John Coltrane, who knew a great deal about the captivating power of wind instruments, had a very different vision of the relationship between God and music. Of his 1957 resolution to turn his life around, he wrote: “At that time, in gratitude, I humbly asked to be given the means and privilege to make others happy through music. I feel this has been granted through His grace. ALL PRAISE TO GOD.”
Coltrane’s 1964 album-length suite A Love Supreme was part of his pursuance of this vision. He explained: “This album is a humble offering to Him. An attempt to say ‘THANK YOU GOD’ through our work, even as we do in our hearts and with our tongues. May He help and strengthen all men in every good endeavor…May we never forget that in the sunshine of our lives, through the storm and after the rain—it is all with God—in all ways forever.”
A Love Supreme, a work of passion, intensity, fervor, grace, and nobility, is a map of the spiritual journey in four parts: “Acknowledgment,” the recognition of the need for a change in one’s life; “Resolution,” the decision to make that change; “Pursuance,” the effort to follow the new path; and “Psalm,” the attainment of peace and gratitude to God for it. It is a seminal work of modal jazz, a masterpiece of improvisation, and a searching, stirring, soaring, spiritual document. John Coltrane died at age forty, less than three years after completing it. To this day, although both before and after A Love Supreme he made a great deal more music that approached its quality, it has endured as his monumental achievement.

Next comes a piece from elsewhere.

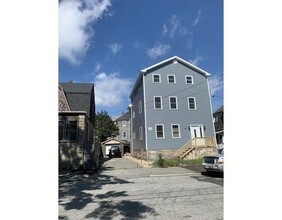 29 Salisbury St in New Bedford, MA - Building Photo - Building Photo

Bilal Philips still lives. He has gained controversy for advocating death for homosexuals. According to the National Post, he also “defends child marriages, wife beating, polygamy and killing apostates.”
But as far as Bilal Philips is concerned, his heart is clean and pure, for death for homosexuals and apostates, the beating of disobedient women, child marriage, and polygamy are all in accord with Islamic law, and thus pleasing to Allah. He no longer sullies his soul with the seductive sounds of wind and string instruments.
Which conversion – that of John Coltrane or that of Bilal Philips – bore more fruit, for the convert himself, and for those around him, and for society as a whole?